■ What this task involves ■
Everything from the line containing "CEDAR CLIFF MANOR - Residential" through the line containing "Kanji - 名物、鯖寿司。上、左右とご飯が鯖でつつまれてます。お皿にちらしてあるタレをつけて頂きます♪" in the listing below should be copied exactly, and nothing more.

■ Information provided ■
◇ ◇ ◇ ◇ ◇ ◇ ◇

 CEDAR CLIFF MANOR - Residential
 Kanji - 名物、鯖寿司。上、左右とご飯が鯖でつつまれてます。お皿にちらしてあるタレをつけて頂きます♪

◇ ◇ ◇ ◇ ◇ ◇ ◇

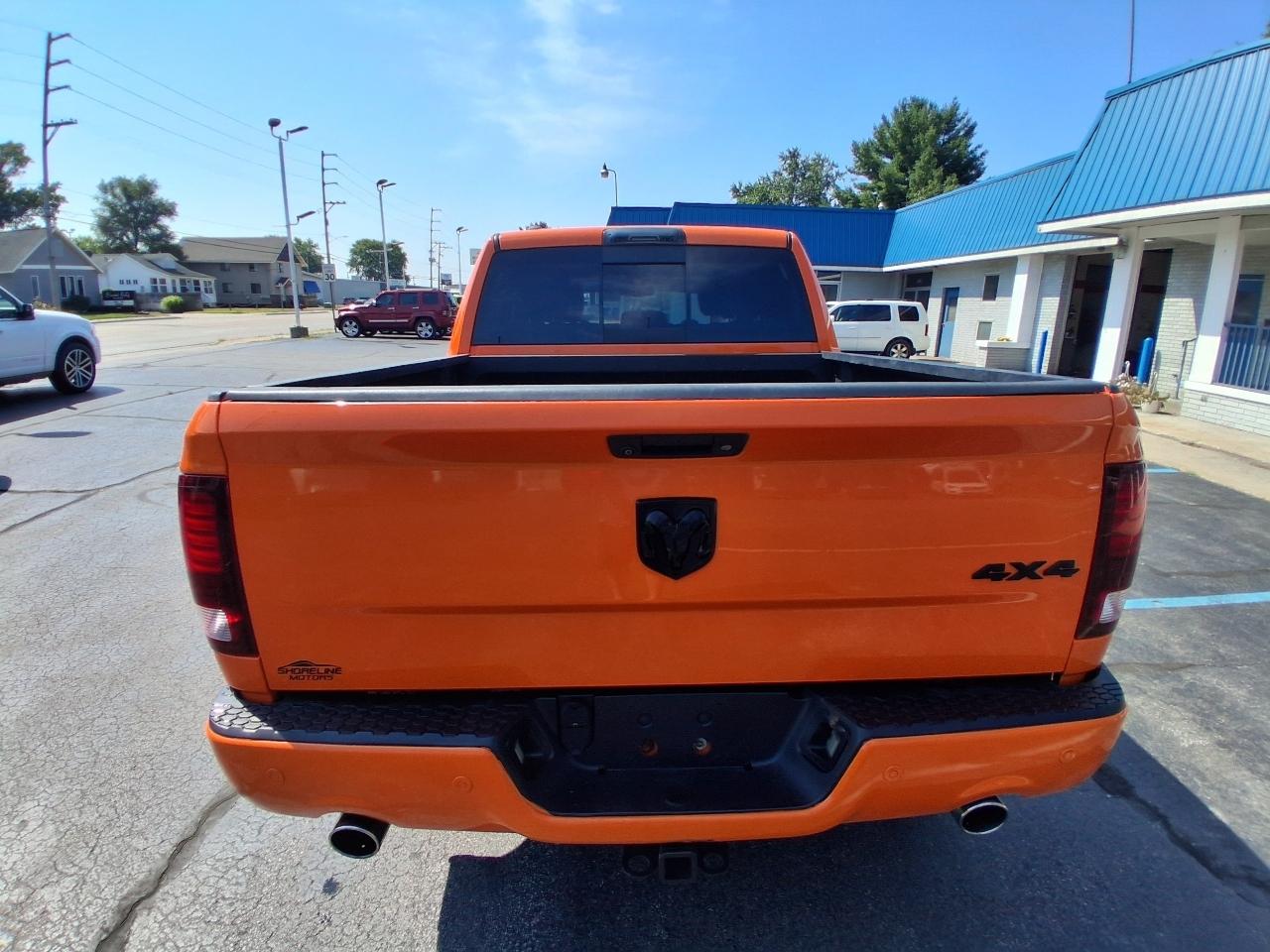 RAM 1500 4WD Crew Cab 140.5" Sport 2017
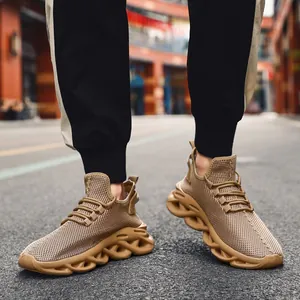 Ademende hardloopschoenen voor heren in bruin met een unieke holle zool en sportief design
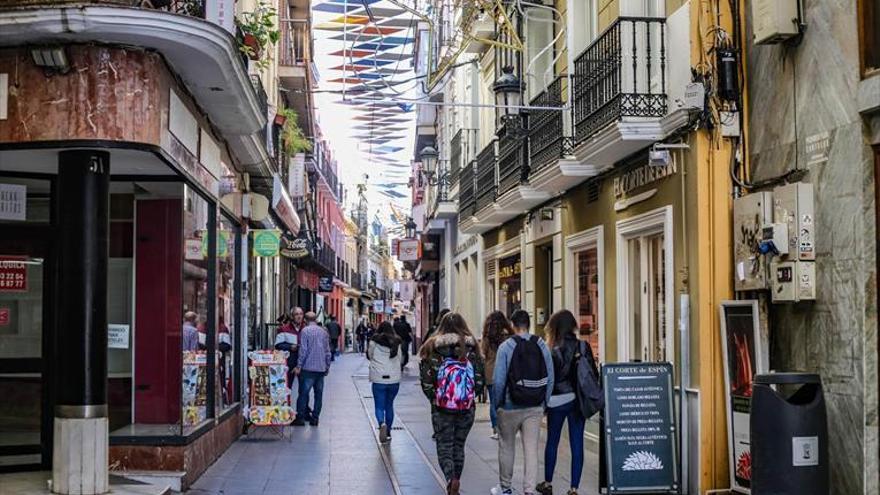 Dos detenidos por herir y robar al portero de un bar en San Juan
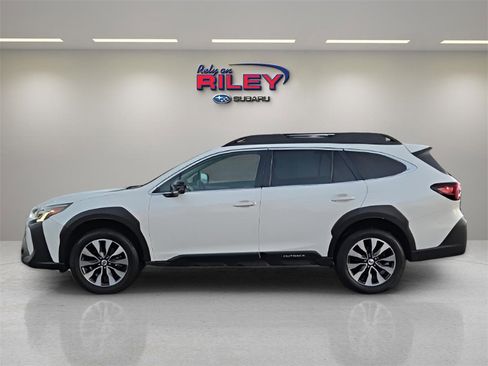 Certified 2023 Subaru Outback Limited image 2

◇ ◇ ◇ ◇ ◇ ◇ ◇

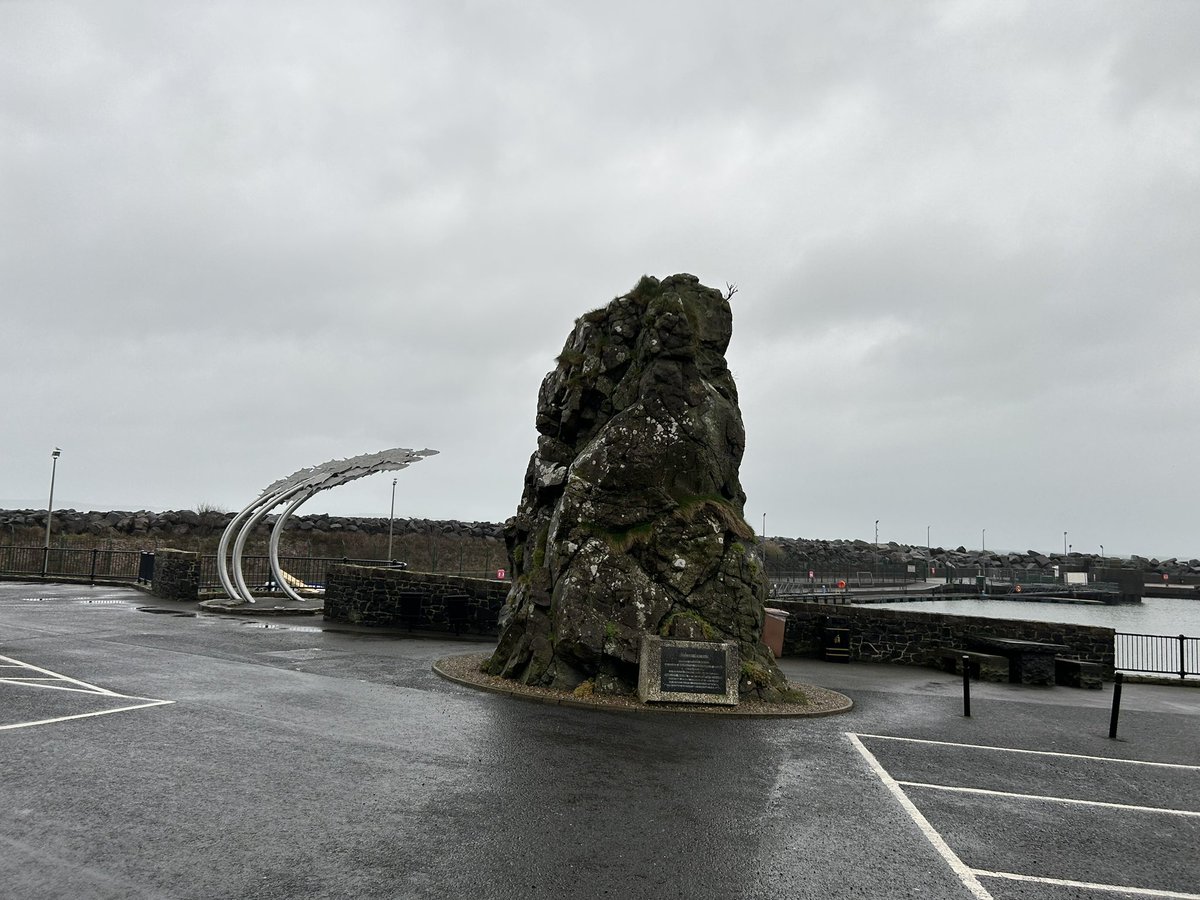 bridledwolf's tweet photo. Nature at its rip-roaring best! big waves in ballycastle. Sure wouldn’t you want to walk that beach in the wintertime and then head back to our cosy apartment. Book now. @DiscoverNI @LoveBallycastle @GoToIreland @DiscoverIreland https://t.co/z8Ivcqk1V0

◇ ◇ ◇ ◇ ◇ ◇ ◇

■ Exercise result ■
 CEDAR CLIFF MANOR - Residential
 Kanji - 名物、鯖寿司。上、左右とご飯が鯖でつつまれてます。お皿にちらしてあるタレをつけて頂きます♪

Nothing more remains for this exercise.